Un appel à la paix dans un contexte d’instabilité post-indépendance. Encore une œuvre engagée portée par le style unique de l’African Jazz.
Chansons prophétiques et contestataires
- Adou Elenga – “Mokili Ekobaluka (Ata Ndele)”
Écrite dans les années 1950, cette chanson a été perçue comme prophétique. Elle annonce la fin imminente du système colonial et appelle au changement. Le refrain “Ata ndele, mokili ekobaluka” signifie : “Tôt ou tard, le monde changera.” La chanson a été tellement populaire qu’Adou Elenga fut interpellé par les autorités coloniales.
Rumba Liberté et héritages afro-descendants
- Tabou Combo(Haïti)– “Rumba Liberté”
Groupe haïtien de kompa, Tabou Combo a revisité Indépendance Cha-Cha en 2010 à l’occasion du cinquantenaire des indépendances africaines. Leur version festive élargit le message à Haïti, au Congo et à l’Afrique du Sud, rappelant l’universalité de la quête de liberté.
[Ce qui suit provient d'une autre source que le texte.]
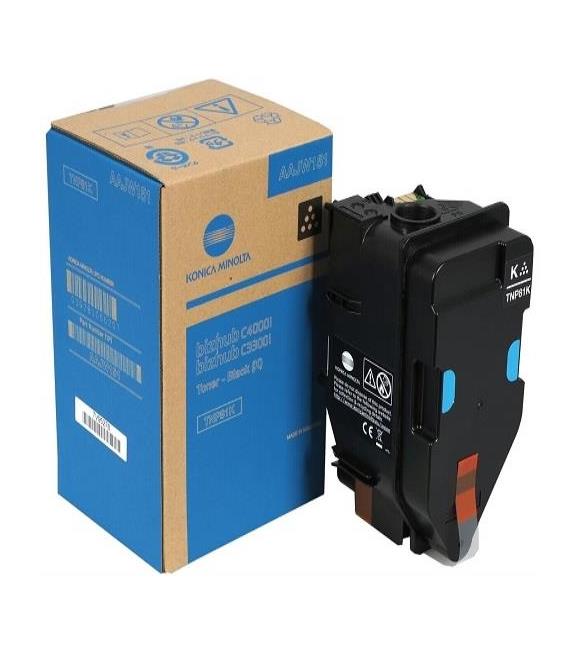 Konica Minolta TNP81K Black Siyah Orjinal Fotokopi Toneri Bizhup C3000i-4000i 1.300 Sayfa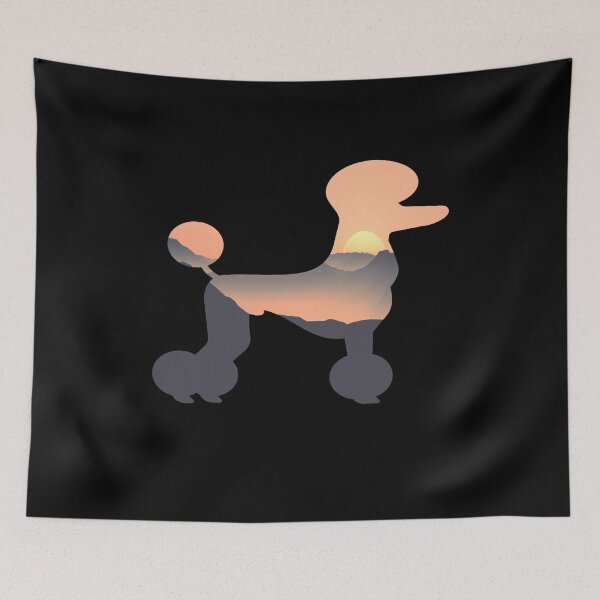 Item preview, Poodle Dog Silhouette Sun Mountain Gift designed and sold by alaechamlal.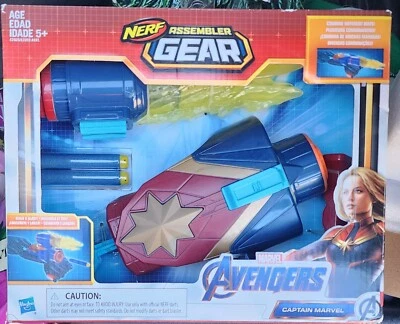 NERF  Captain Marvel Assembler Gear AVENGERS Thor Black Widow Hulk Captain  - Image 1 of 4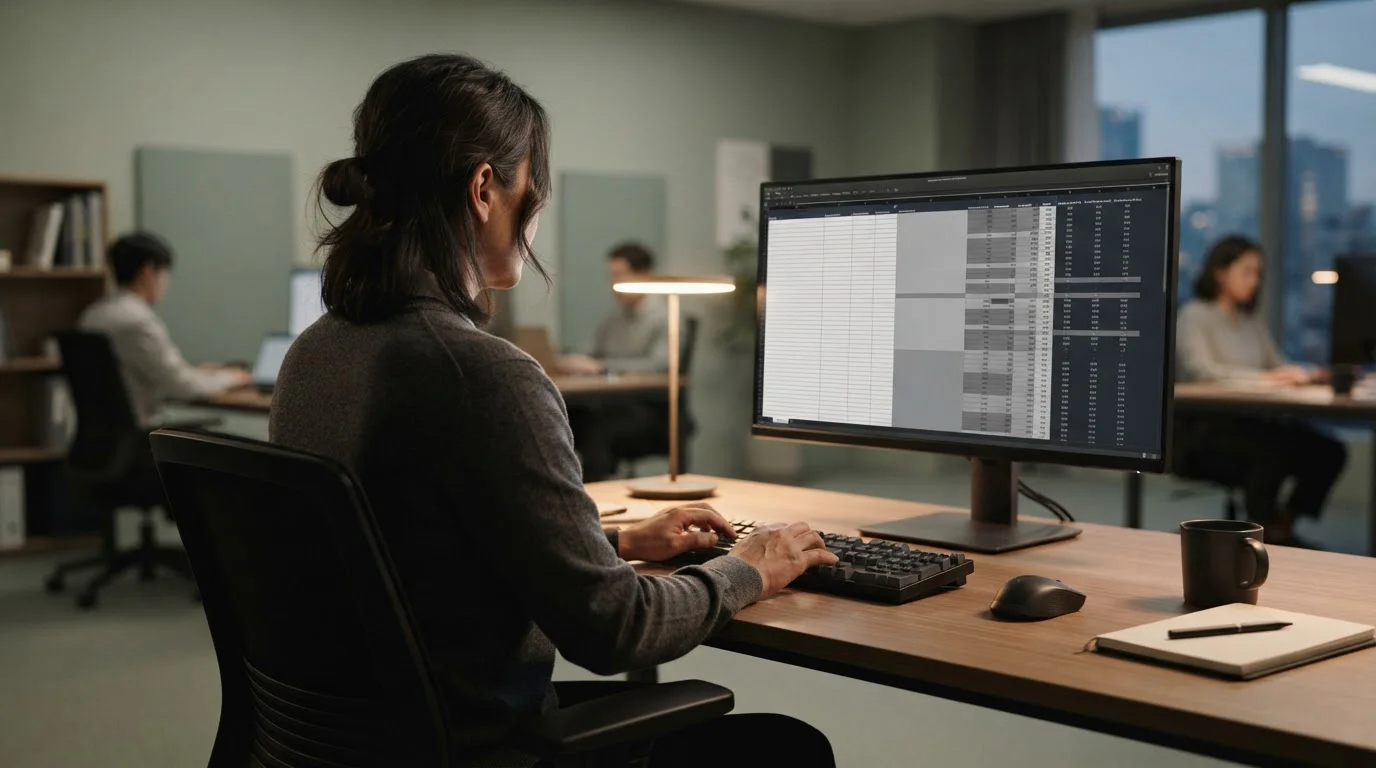 Strukturierter Vergleich verschiedener Wettanbieter auf Computerbildschirm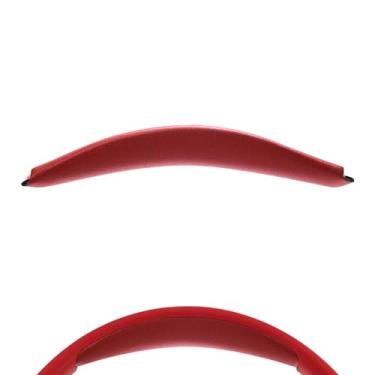 Imagem de Geekria Almofada de substituição de couro proteico para fones de ouvido JBL Tune 500/510/520/600/700/710/720/750 BT, 750 BTNC, 660/670/760/770NC (vermelho)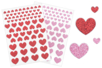Glitter Heart Stickers - 72 pcs - 1 - Heart Stickers - 10doigts.com - Heart Stickers – 10doigts.fr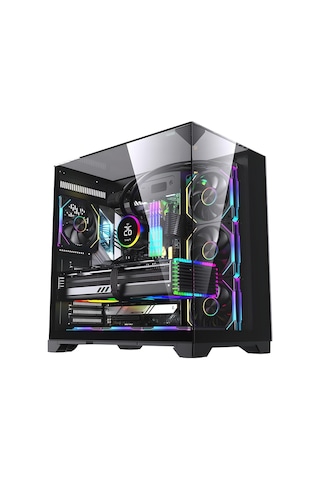 Snt Subzero Plus 7 X Argb Fan Uzaktan Kumanda Midi Tower Atx Siyah Oyuncu Kasası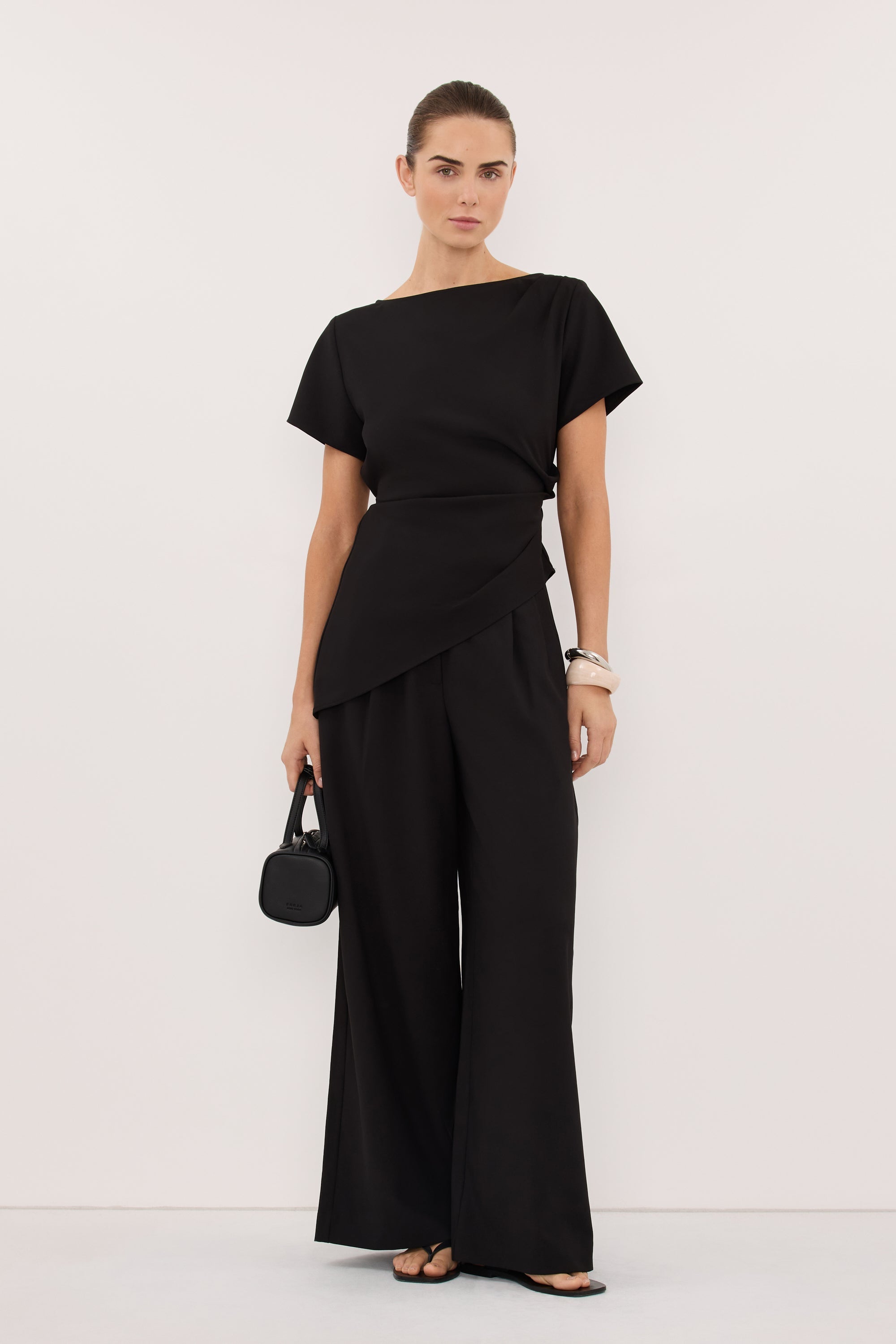 PARKER BLACK ASYM TOP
Héritage post-colonial et appels à l’unité
- Tabu Ley Rochereau – “Congo Lelo” & “Congo Avenir”
Ces morceaux appellent à l’unité nationale et à la responsabilité de chaque citoyen congolais. Dans “Congo Lelo”, Tabu Ley chante : « To botama ba Congolais, to kotikala ba Congolais » (Nous sommes nés Congolais, nous resterons Congolais).
Avec “Congo Avenir” (1966), il interpelle la classe politique à un sursaut de sagesse dans un pays plongé dans les crises politiques, les coups d’État et les divisions.
Appel au réveil patriotique
- Papa Wemba – “Congo Moko”
« Bana Congo, tolamuka nanu na pongi »
(Enfants du Congo, réveillons-nous de notre sommeil). Un message toujours d’actualité, dans un pays en proie à l’instabilité, aux conflits internes et aux trahisons des siens.
- Un dernier hommage à Antoine Moundanda (Congo)– “Njila ya Ndolo”
Maître du sanza (piano à pouces), disparu en 2012, Moundanda fut un artisan de la musique tradi-moderne. Son morceau, sans être politique, restitue la vie quotidienne et culturelle entre Kinshasa et Brazzaville.
Ces chansons ne sont pas de simples divertissements : elles sont des archives vivantes, des cris de cœur, des manifestes patriotiques qui accompagnent les luttes passées et les défis présents. Alors que le pays célèbre ses 65 ans d’indépendance, il est essentiel de revisiter ce patrimoine musical pour mieux comprendre notre histoire et peut-être retrouver la force de continuer à rêver et à construire.
Car dans la culture rd-congolaise, tout est sujet et question de musique – fête ou deuil -.